The second hearing in the prosecution's appeal of a Nepalese man's acquittal of robbery and murder by a district court was held Thursday, after the Tokyo High Court on Wednesday designated two of his five defense lawyers as court-appointed attorneys.

The remaining three lawyers attended the session with the defense team as "private hires" and will work without pay, they said.

Govinda Prasad Mainali's defense team, who represented the Nepalese man without pay during trial hearings at the Tokyo District Court, had filed a demand with the court that at least one of them be paid from the national coffers.

Taxpayers' money is used to hire court-appointed lawyers for defendants who have no financial resources to hire private lawyers.

In April, Mainali, 33, was acquitted of murdering and stealing money from a female employee of Tokyo Electric Power Co. in 1997.

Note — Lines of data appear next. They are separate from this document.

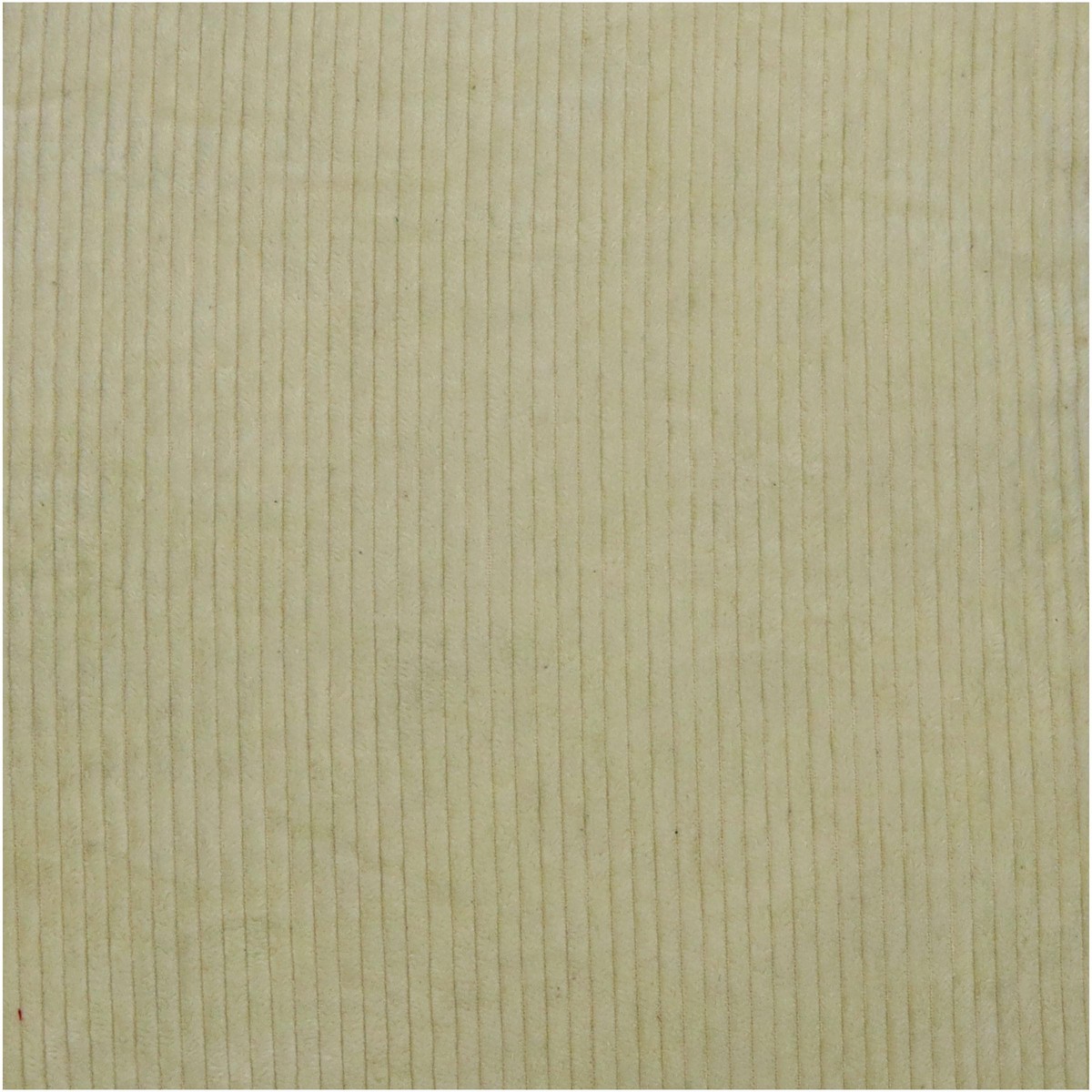 Schilliger Sélection  Coussin velour côtelé carré Blanc ivoire 45x45cm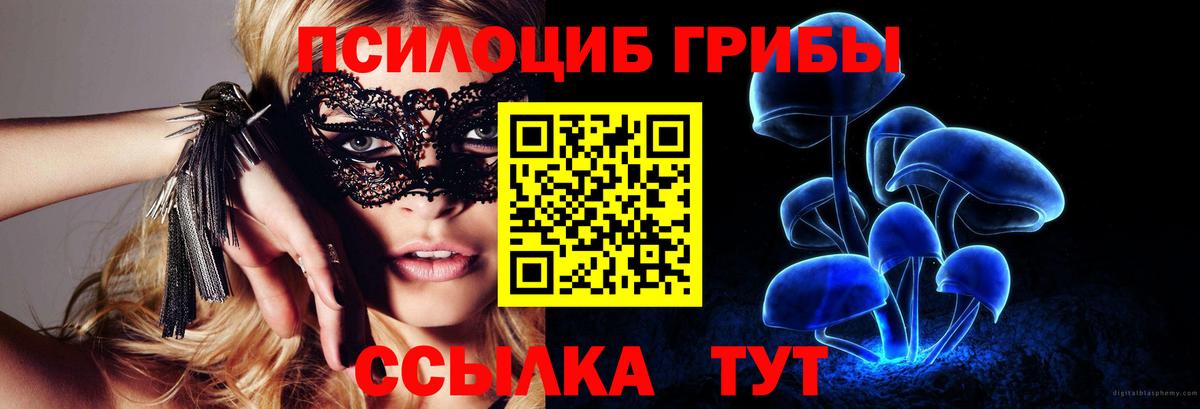 Баксан  Псилоцибиновые грибы Cubensis  Вход с VPN 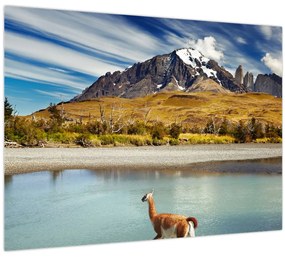 Obraz - Národný park Torres del Paine (70x50 cm)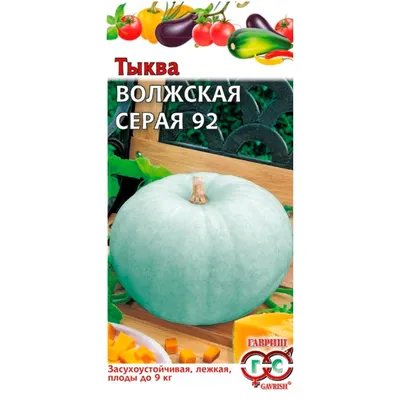 Семена Тыква \"Волжская серая 92\" купить по цене 49 ₽ в интернет-магазине  KazanExpress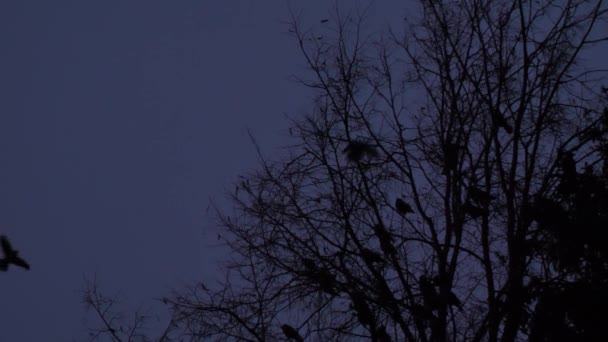 Vogels Vliegen Donkerblauwe Nachtelijke Hemel Achtergrond Wazig Chasm Filmvogels Zwarte — Stockvideo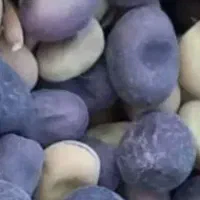 باقله  محلی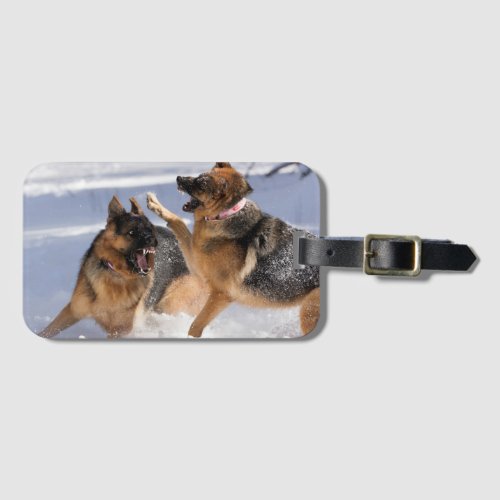 German Shepherds playing in snow luggage tag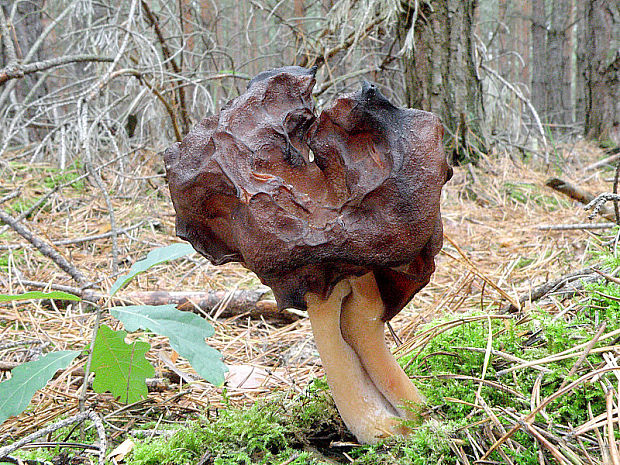 ušiak mitrovitý Gyromitra infula (Schaeff.) Quél.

Prosecutors claimed Thursday that the Tokyo District Court that acquitted Mainali misjudged the evidence and handed down the wrong decision.

However, Mainali's defense team responded that the prosecutors had failed to eliminate reasonable doubt, claiming that the high court should dismiss the case immediately.

The district court said it saw no evidence that directly linked the murder to Mainali, a former restaurant employee, and that they could not deny the possibility that someone else could have been at the scene of the crime at the time the woman was killed.

Mainali was released from custody but immediately handed over to immigration authorities for overstaying his visa and was awaiting deportation. Mainali arrived in Japan in 1994 on a tourist visa.